Une nouvelle vague de contestation écologiste: De la désobéissance civile à l’ère de l’urgence climatique et sociale, vers un mouvement écologiste radical transpartisan?Temps de lecture : 7 minutes

Les récentes actions symboliques écologistes dans les musées pour dénoncer l’inaction des gouvernements à l’égard du réchauffement climatique relèvent-elles d’une nouvelle génération militante adepte de la désobéissance civile pour faire entendre leur voix ? C’est l’hypothèse avancée par Sylvie Ollitrault qui conjecture l’essor d’un « mouvement transpartisan radical ».

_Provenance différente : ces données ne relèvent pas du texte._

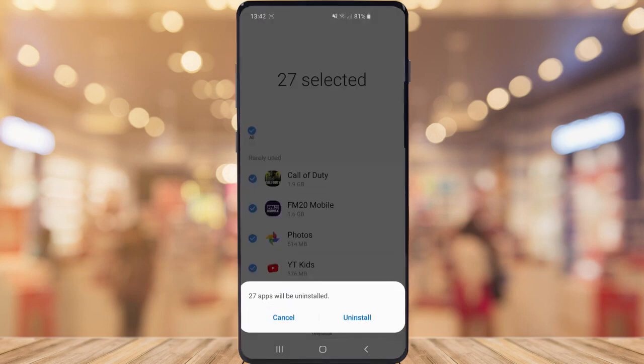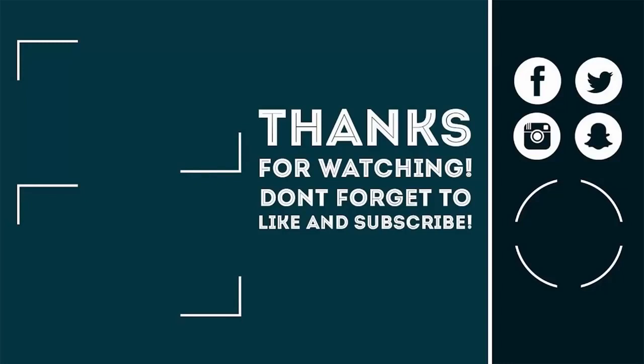Go ahead and confirm it, and that will uninstall all your unused apps — the apps you rarely use — in one click, so you don't have to go through them one by one. Make sure you're leaving a like, subscribing to the channel, and sharing it with your friends. Thanks for watching and I'll see you in the next video.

Dès l’été marqué par une canicule inédite, la France a connu des actes de contestations écologistes tous azimuts et étonnant les médias. Les cibles pouvaient être des piscines, des golfs ou encore la perturbation d’épreuves sportives, puis les musées. Cette démultiplication des actes, ces cibles nouvelles ont intrigué l’opinion publique, et suscité des discussions dans les arènes médiatiques.

En octobre 2022, les actes d’intrusion dans les musées avec une grammaire de contestation identique dans plusieurs États de l’Europe de l’ouest ont accru l’intérêt des analystes, des médias et du mouvement écologiste lui-même. D’autant que ces actes se sont produits dans un contexte de crise internationale (géopolitique, sociale, voire politique) et de réunions de la COP 27.

Quelles sont les motivations de cette génération qui serait éco anxieuse ou qualifiée de radicale voire d’éco terroriste ?  Pourquoi cette jeunesse se mobilise-t-elle dans ce nouveau contexte traversé par une crise sociale, internationale et économique inédite depuis la fin des 30 glorieuses ? Est-ce que ces revendications renouvellent la demande sociale en matière d’environnement ?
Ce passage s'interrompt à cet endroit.